We were a bit surprised by this breakout as we thought until lately that the JPY had no reason to depreciate against the US Dollar (especially with a quiet BoJ and US LT yields expected to remain low in H2 according to analysts). Our thoughts was that the Yen depreciation mainly came from the carry trade positions (‘risk-on’ sentiment) with AUDJPY trading at new highs at around 97.50 (which corresponds to June 2013 levels), and we first assumed that the risk-on situation isn’t fully established and the market was just looking for ST opportunities and that any major ‘bad’ news could potentially trigger some massive carry unwinds as we saw previously (aka Yen appreciation).

However, after a few chats with some FX strategists (who we all thank for their kind answers), a first important thing to notice is the decrease in the 6-month (daily) rolling correlation between AUDJPY and S&P500 from 67% back in mid-February this year down to 47% today. In other words, the Japanese Yen sensitivity to risk-off moves has fallen as you can see it below in the Bloomberg Spread Analysis.Audcorr

(Source: Bloomberg)

Secondly, traders and investors are becoming more confident on a BoJ move later on this year, and further easing by JP policymakers (after Japan dismal figures: July household spending collapsed 5.9% YoY, Q2 GDP shrank by annualized 6.8% erasing Q1 gains, Housing starts down 14.1% in July…) is the main driver on Yen weakness according to analysts.
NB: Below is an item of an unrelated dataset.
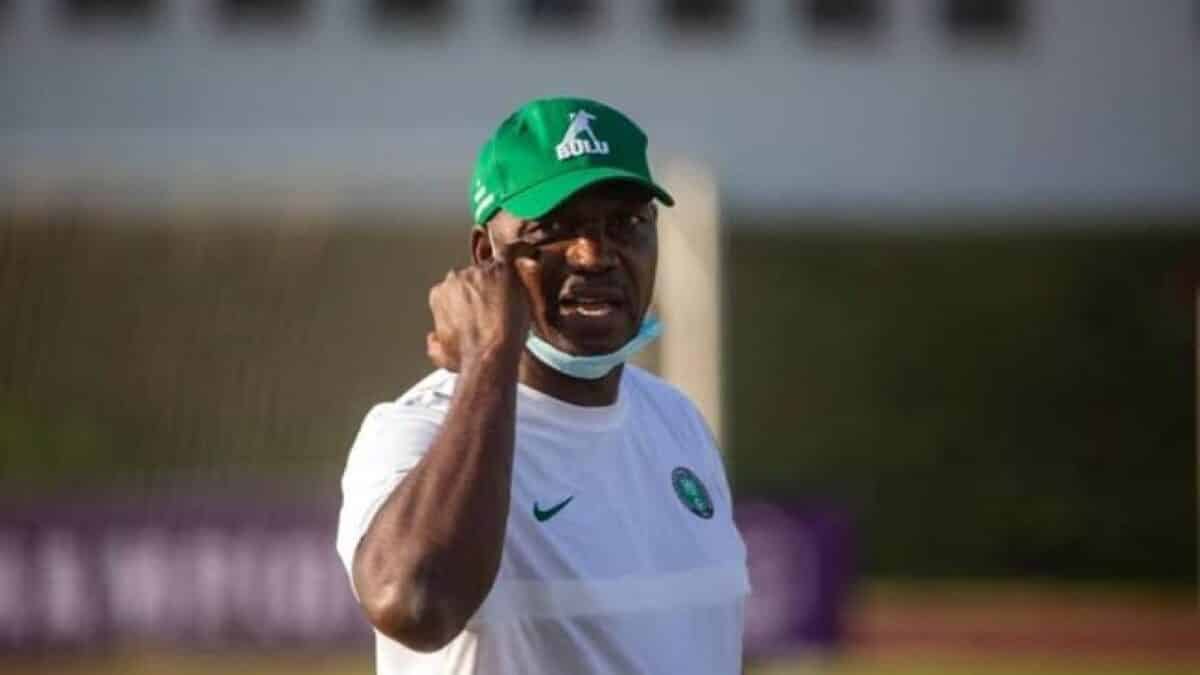 Eguavoen Resigns As Super Eagles Coach Over 2022 World Cup Qualifier Failure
Eventually, another factor to look at would be Japanese institutional investors switching from bonds to stocks (and international stocks and bonds); we saw strong demand for French OAT from Japan last week. For instance, as you can see it below, GPIF, Japanese 1.2-trillion-dollar retirement fund, reduced its domestic bonds holdings by almost 10 percent in the past 3 years and has gradually increased its holdings of Japanese equities and International Bonds and Stocks. In June this year, it reported that it held 53.36% of domestic bonds and 17.26% of domestic stocks, down from 62.64% and 12.37% respectively back in 2011 (Abe’s effect). As a reminder, GPIF has a 60% target for domestic bonds and 12% for Japanese stocks, with 8% and 6% deviation limits respectively for those assets.


Having said that, the 105 level could potentially act as a psychological resistance at the moment, next important level on the topside stands at 105.44, which corresponds to January 2nd high. USDJPY looks a bit overbought as you can see it on the chart below, and we will look for lower levels to start considering buying some more.


(Source: Reuters)

Aussie pausing as expected…

The late US Dollar rally (USD index flirting with 83.00, its highest level since July 2013) hasn’t impact the Aussie (that much) and AUDUSD is still trading within its 5-month 0.92 – 0.95 range. The RBA left its cash rate steady at 2.50% (as expected) and looks unlikely to change it for some time, which is what we were assuming (see our article RBA is giving up…). The BBSW rates, which correspond to transparent rates for the pricing and revaluation of privately negotiated bilateral Australian dollar interest swap transactions, are trading quite flat with the 1-month and 6-month bills paying 2.66% and 2.69% respectively.

Despite AU annual inflation approaching the high of the RBA [2-3] percent inflation target range (Trimmed mean CPI came in at 2.9% YoY in the second quarter), AU policymakers noted slack in the job market and rising house prices.

The trend on AUDUSD looks bearish at the moment; we will try to sell some if the pair pops back above 0.9300 ahead of US employment reports on Friday. I’d put an entry level at 0.9330, with a tight stop loss at 0.9360 and a target at 0.9210.

Figures to watch this week:

AU GDP YoY (sep. 3rd): expected to ease back to 3.0% in the second quarter, down from 3.5%.
AU Trade balance (Sep 4th): expected to come in a -1.51bn AUD in July.
US Non-Farm Payrolls (Sep 5th):  expected to print at 225K in August, above the 200K level for the for the seventh consecutive month.